We are always on the lookout for great sounding small violas and this English instrument from the late 18th century is particularly successful. A broad and bold model made in the circle of Richard Duke, it has a rich and powerful tone.

This viola bears the Hill number P481, and the Hill records reveal that it was bought and sold by them in 1947 as “Duke School”. To my eye it looks more closely related to Banks, but either way it’s a late 18th century English instument of some quality. While the back length is standard for the time (39.5cm) it’s unusually broad, and with deep ribs up to 35mm the volume of air is significant.

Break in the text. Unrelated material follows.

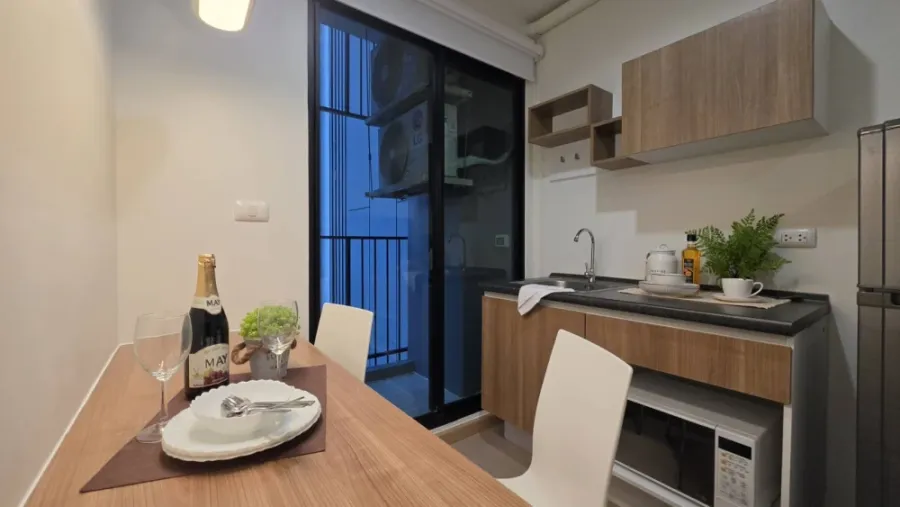 ขาย J Condo Sathorn-Kallaprapruk ห้องแต่งสวยคุมโทน มาพร้อมสิ่งอำนวยความสะดวกครบครัน จองเลย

This is a finely made instrument – the scroll is very precise and symmetrical, the edges are generous, the wood is first class and the varnish is a very attractive golden brown.

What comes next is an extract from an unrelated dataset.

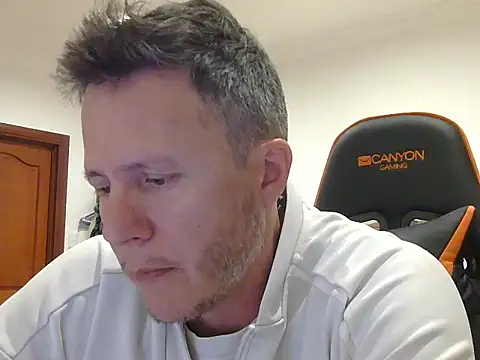 TroyDieselXXX online show from April 1, 5:43 pm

The condition is pretty good – the table has 3 repaired cracks below the f-holes and 2 wing cracks but no post crack or patch, the back has some restoration below the button and a small repaired crack upper right.

We see a lot of small English violas from this time period, and it’s clear that makers were putting a lot of thought into the great “viola question” ie. how to make an instrument that’s easy to play yet which spans the tonal gap between the violin and the cello.

Making the instrument broader rather than longer is an elegant solution, as with the right tension strings you can still get a big viola sound with a manageable string length.

This is a lovely instrument to play, very responsive, smooth and rich – lots of satisfying resonance under the chin with a nice crunch to the note.

Just a very well conceived instrument that would stand up to scrutiny in a demanding professional environment, and ideal for an accomplished player who needs to scale down!